- [Goal of the exercise]: The full listing, written out exactly and without images, is the expected result.

- [Exercise data]:
┌──
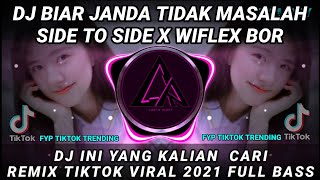 DJ BIAR JANDA TIDAK MASALAH SIDE TO SIDE X WIFLEX BOR | REMIX TIKTOK VIRAL 2021 FULL BASS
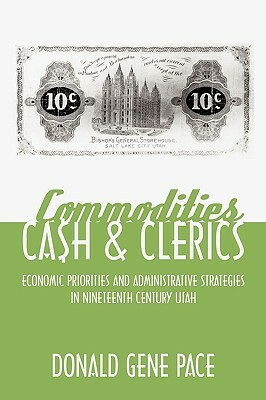 Commodities, Cash, and Clerics: Economic Priorities and Administrative Strategies in Nineteenth Century Utah by Donald Gene Pace, Donald Gene Pace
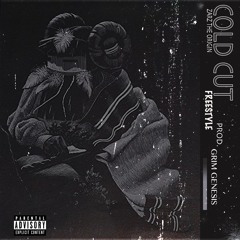Cold Cut Freestyle Prod. By Grim Genesis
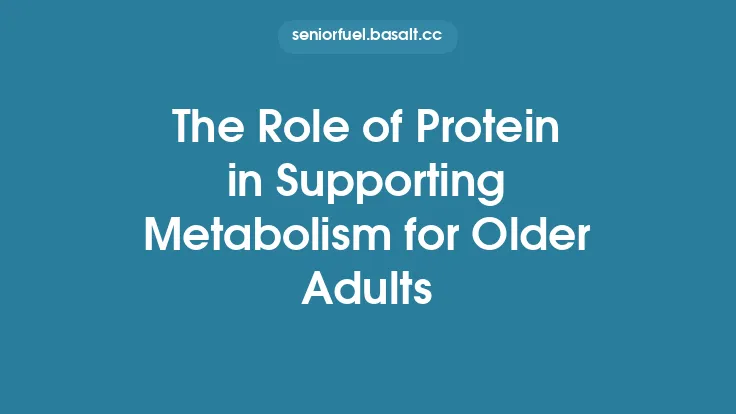The Role of Protein in Supporting Metabolism for Older Adults Thumbnail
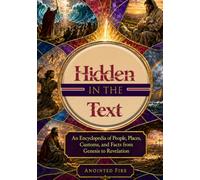 Hidden in the Text: An Encyclopedia of People, Places, Customs, and Facts from Genesis to Revelation
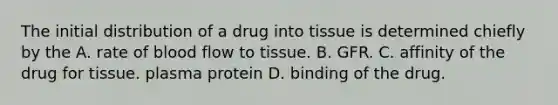 The initial distribution of a drug into tissue is determined chiefly by the A. rate of blood flow to tissue. B. GFR. C. affinity of the drug for tissue. plasma protein D. binding of the drug.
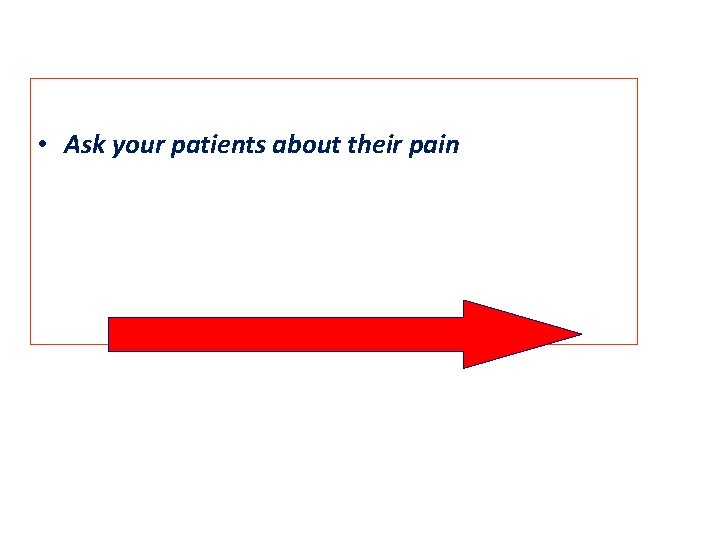  • Ask your patients about their pain 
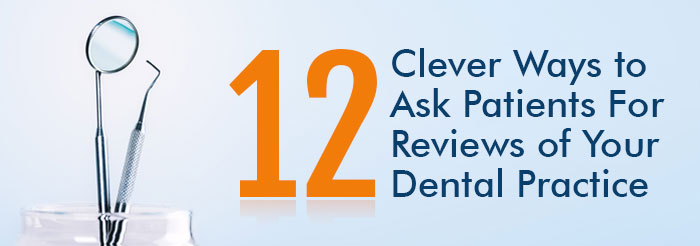 12 Clever Ways to Ask Patients For Reviews of Your Dental Practice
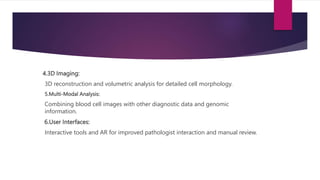 4.3D Imaging:
3D reconstruction and volumetric analysis for detailed cell morphology.
5.Multi-Modal Analysis:
Combining blood cell images with other diagnostic data and genomic
information.
6.User Interfaces:
Interactive tools and AR for improved pathologist interaction and manual review.
 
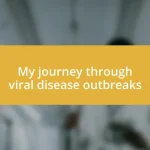 My journey through viral disease outbreaks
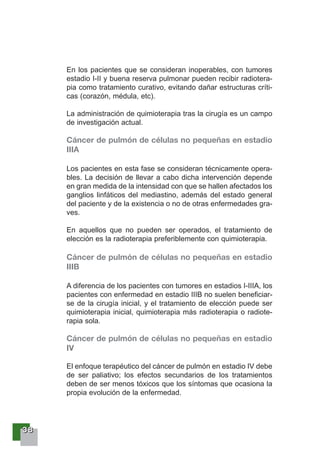33338888
En los pacientes que se consideran inoperables, con tumores
estadio I-II y buena reserva pulmonar pueden recibir radiotera-
pia como tratamiento curativo, evitando dañar estructuras críti-
cas (corazón, médula, etc).
La administración de quimioterapia tras la cirugía es un campo
de investigación actual.
Cáncer de pulmón de células no pequeñas en estadio
IIIA
Los pacientes en esta fase se consideran técnicamente opera-
bles. La decisión de llevar a cabo dicha intervención depende
en gran medida de la intensidad con que se hallen afectados los
ganglios linfáticos del mediastino, además del estado general
del paciente y de la existencia o no de otras enfermedades gra-
ves.
En aquellos que no pueden ser operados, el tratamiento de
elección es la radioterapia preferiblemente con quimioterapia.
Cáncer de pulmón de células no pequeñas en estadio
IIIB
A diferencia de los pacientes con tumores en estadios I-IIIA, los
pacientes con enfermedad en estadio IIIB no suelen beneficiar-
se de la cirugía inicial, y el tratamiento de elección puede ser
quimioterapia inicial, quimioterapia más radioterapia o radiote-
rapia sola.
Cáncer de pulmón de células no pequeñas en estadio
IV
El enfoque terapéutico del cáncer de pulmón en estadio IV debe
de ser paliativo; los efectos secundarios de los tratamientos
deben de ser menos tóxicos que los síntomas que ocasiona la
propia evolución de la enfermedad.
 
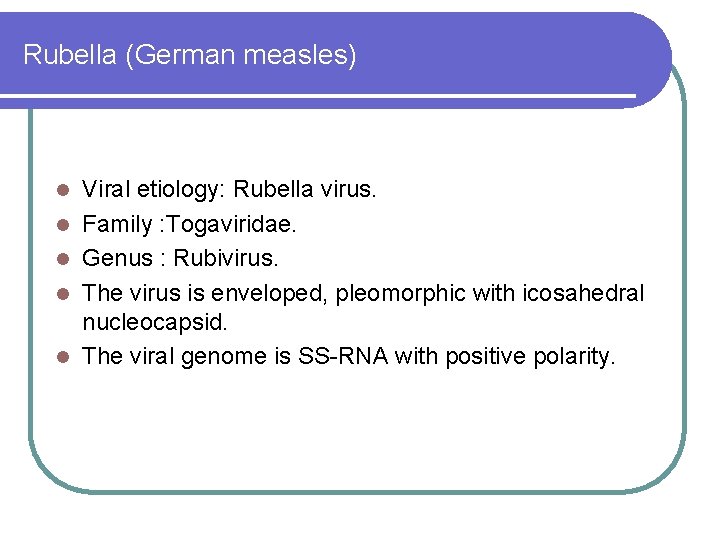 Rubella (German measles) l l l Viral etiology: Rubella virus. Family : Togaviridae. Genus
└──
- [Answer to this exercise]:
 DJ BIAR JANDA TIDAK MASALAH SIDE TO SIDE X WIFLEX BOR | REMIX TIKTOK VIRAL 2021 FULL BASS
 Commodities, Cash, and Clerics: Economic Priorities and Administrative Strategies in Nineteenth Century Utah by Donald Gene Pace, Donald Gene Pace
Cold Cut Freestyle Prod. By Grim Genesis
The Role of Protein in Supporting Metabolism for Older Adults Thumbnail
 Hidden in the Text: An Encyclopedia of People, Places, Customs, and Facts from Genesis to Revelation
 The initial distribution of a drug into tissue is determined chiefly by the A. rate of blood flow to tissue. B. GFR. C. affinity of the drug for tissue. plasma protein D. binding of the drug.
  • Ask your patients about their pain 
 12 Clever Ways to Ask Patients For Reviews of Your Dental Practice
 4.3D Imaging:
3D reconstruction and volumetric analysis for detailed cell morphology.
5.Multi-Modal Analysis:
Combining blood cell images with other diagnostic data and genomic
information.
6.User Interfaces:
Interactive tools and AR for improved pathologist interaction and manual review.
 
 My journey through viral disease outbreaks
33338888
En los pacientes que se consideran inoperables, con tumores
estadio I-II y buena reserva pulmonar pueden recibir radiotera-
pia como tratamiento curativo, evitando dañar estructuras críti-
cas (corazón, médula, etc).
La administración de quimioterapia tras la cirugía es un campo
de investigación actual.
Cáncer de pulmón de células no pequeñas en estadio
IIIA
Los pacientes en esta fase se consideran técnicamente opera-
bles. La decisión de llevar a cabo dicha intervención depende
en gran medida de la intensidad con que se hallen afectados los
ganglios linfáticos del mediastino, además del estado general
del paciente y de la existencia o no de otras enfermedades gra-
ves.
En aquellos que no pueden ser operados, el tratamiento de
elección es la radioterapia preferiblemente con quimioterapia.
Cáncer de pulmón de células no pequeñas en estadio
IIIB
A diferencia de los pacientes con tumores en estadios I-IIIA, los
pacientes con enfermedad en estadio IIIB no suelen beneficiar-
se de la cirugía inicial, y el tratamiento de elección puede ser
quimioterapia inicial, quimioterapia más radioterapia o radiote-
rapia sola.
Cáncer de pulmón de células no pequeñas en estadio
IV
El enfoque terapéutico del cáncer de pulmón en estadio IV debe
de ser paliativo; los efectos secundarios de los tratamientos
deben de ser menos tóxicos que los síntomas que ocasiona la
propia evolución de la enfermedad.
 
 Rubella (German measles) l l l Viral etiology: Rubella virus. Family : Togaviridae. Genus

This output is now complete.